WORK TO BE COMPLETED
Please repeat, exactly and without pictures, the lines of the entries below that run from the one containing "If you have" through the one containing "Behind me is".

INFORMATION SHOWN
--- START ---
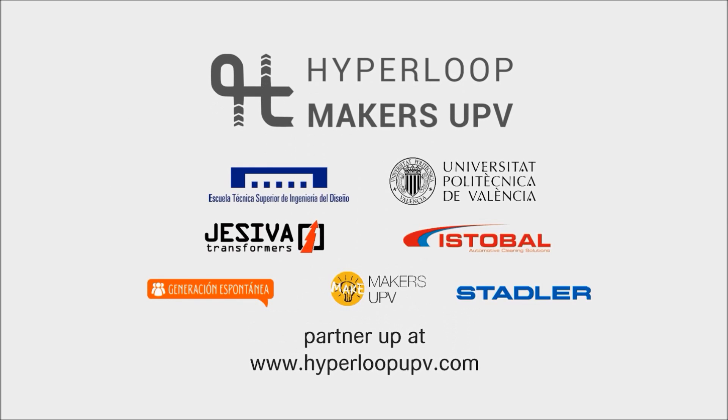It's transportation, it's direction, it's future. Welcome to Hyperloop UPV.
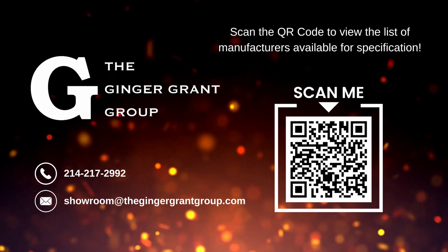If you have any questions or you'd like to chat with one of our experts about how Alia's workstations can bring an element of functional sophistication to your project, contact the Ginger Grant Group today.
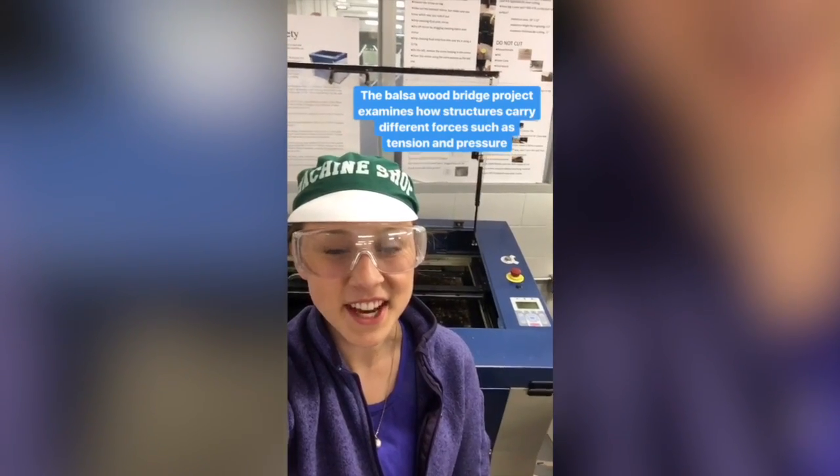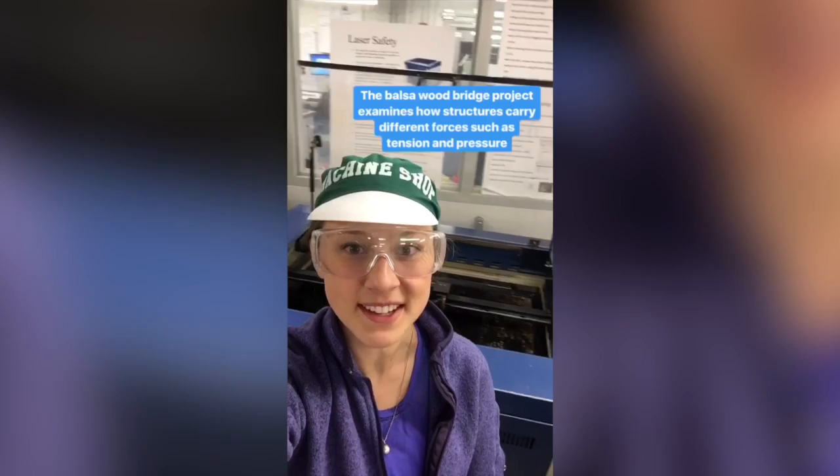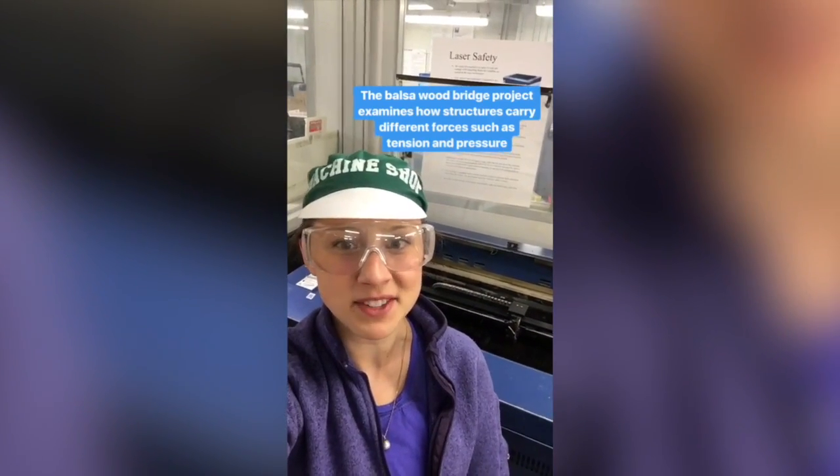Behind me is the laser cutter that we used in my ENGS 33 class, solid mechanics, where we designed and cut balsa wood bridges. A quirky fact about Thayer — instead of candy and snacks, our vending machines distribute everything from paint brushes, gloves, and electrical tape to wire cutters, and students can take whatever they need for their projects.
--- END ---
--- START ---
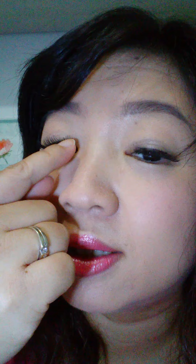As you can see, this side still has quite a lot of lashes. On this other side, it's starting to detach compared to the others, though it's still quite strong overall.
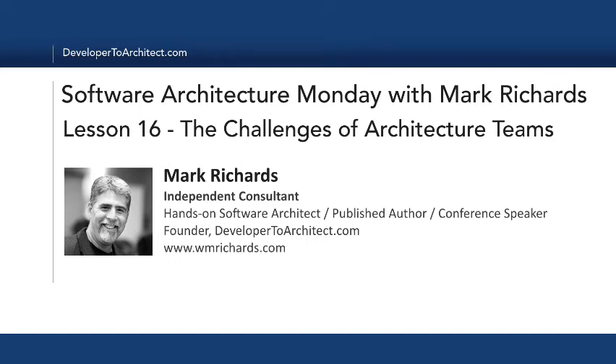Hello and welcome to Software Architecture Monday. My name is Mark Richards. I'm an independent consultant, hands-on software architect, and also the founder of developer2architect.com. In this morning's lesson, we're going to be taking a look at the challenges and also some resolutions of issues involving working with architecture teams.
--- END ---
ANSWER TO THIS TASK
If you have any questions or you'd like to chat with one of our experts about how Alia's workstations can bring an element of functional sophistication to your project, contact the Ginger Grant Group today.
Behind me is the laser cutter that we used in my ENGS 33 class, solid mechanics, where we designed and cut balsa wood bridges. A quirky fact about Thayer — instead of candy and snacks, our vending machines distribute everything from paint brushes, gloves, and electrical tape to wire cutters, and students can take whatever they need for their projects.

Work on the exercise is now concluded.